Could you please write out the data shown below, exactly and in full?
____
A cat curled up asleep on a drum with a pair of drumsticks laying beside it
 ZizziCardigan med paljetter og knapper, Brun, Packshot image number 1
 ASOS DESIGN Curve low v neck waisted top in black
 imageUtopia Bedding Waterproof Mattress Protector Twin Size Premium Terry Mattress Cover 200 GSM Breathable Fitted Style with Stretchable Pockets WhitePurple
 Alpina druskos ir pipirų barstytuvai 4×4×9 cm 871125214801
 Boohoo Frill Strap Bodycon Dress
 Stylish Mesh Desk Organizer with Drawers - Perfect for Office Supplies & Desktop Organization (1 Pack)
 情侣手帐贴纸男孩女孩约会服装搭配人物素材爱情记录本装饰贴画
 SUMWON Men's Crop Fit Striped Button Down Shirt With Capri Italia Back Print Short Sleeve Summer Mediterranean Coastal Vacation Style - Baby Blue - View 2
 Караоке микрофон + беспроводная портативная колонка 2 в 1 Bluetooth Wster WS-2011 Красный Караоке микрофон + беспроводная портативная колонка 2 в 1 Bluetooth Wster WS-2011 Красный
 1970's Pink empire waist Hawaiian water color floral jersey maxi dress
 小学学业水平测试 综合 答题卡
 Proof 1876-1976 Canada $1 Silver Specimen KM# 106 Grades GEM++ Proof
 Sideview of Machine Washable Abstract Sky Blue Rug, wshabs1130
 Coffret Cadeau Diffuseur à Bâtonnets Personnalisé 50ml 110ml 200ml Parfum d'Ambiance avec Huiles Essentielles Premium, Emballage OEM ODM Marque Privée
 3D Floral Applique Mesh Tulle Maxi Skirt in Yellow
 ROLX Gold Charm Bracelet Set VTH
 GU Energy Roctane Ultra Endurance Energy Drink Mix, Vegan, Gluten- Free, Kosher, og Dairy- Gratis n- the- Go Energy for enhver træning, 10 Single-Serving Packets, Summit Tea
____
Result of the task:
A cat curled up asleep on a drum with a pair of drumsticks laying beside it
 ZizziCardigan med paljetter og knapper, Brun, Packshot image number 1
 ASOS DESIGN Curve low v neck waisted top in black
 imageUtopia Bedding Waterproof Mattress Protector Twin Size Premium Terry Mattress Cover 200 GSM Breathable Fitted Style with Stretchable Pockets WhitePurple
 Alpina druskos ir pipirų barstytuvai 4×4×9 cm 871125214801
 Boohoo Frill Strap Bodycon Dress
 Stylish Mesh Desk Organizer with Drawers - Perfect for Office Supplies & Desktop Organization (1 Pack)
 情侣手帐贴纸男孩女孩约会服装搭配人物素材爱情记录本装饰贴画
 SUMWON Men's Crop Fit Striped Button Down Shirt With Capri Italia Back Print Short Sleeve Summer Mediterranean Coastal Vacation Style - Baby Blue - View 2
 Караоке микрофон + беспроводная портативная колонка 2 в 1 Bluetooth Wster WS-2011 Красный Караоке микрофон + беспроводная портативная колонка 2 в 1 Bluetooth Wster WS-2011 Красный
 1970's Pink empire waist Hawaiian water color floral jersey maxi dress
 小学学业水平测试 综合 答题卡
 Proof 1876-1976 Canada $1 Silver Specimen KM# 106 Grades GEM++ Proof
 Sideview of Machine Washable Abstract Sky Blue Rug, wshabs1130
 Coffret Cadeau Diffuseur à Bâtonnets Personnalisé 50ml 110ml 200ml Parfum d'Ambiance avec Huiles Essentielles Premium, Emballage OEM ODM Marque Privée
 3D Floral Applique Mesh Tulle Maxi Skirt in Yellow
 ROLX Gold Charm Bracelet Set VTH
 GU Energy Roctane Ultra Endurance Energy Drink Mix, Vegan, Gluten- Free, Kosher, og Dairy- Gratis n- the- Go Energy for enhver træning, 10 Single-Serving Packets, Summit Tea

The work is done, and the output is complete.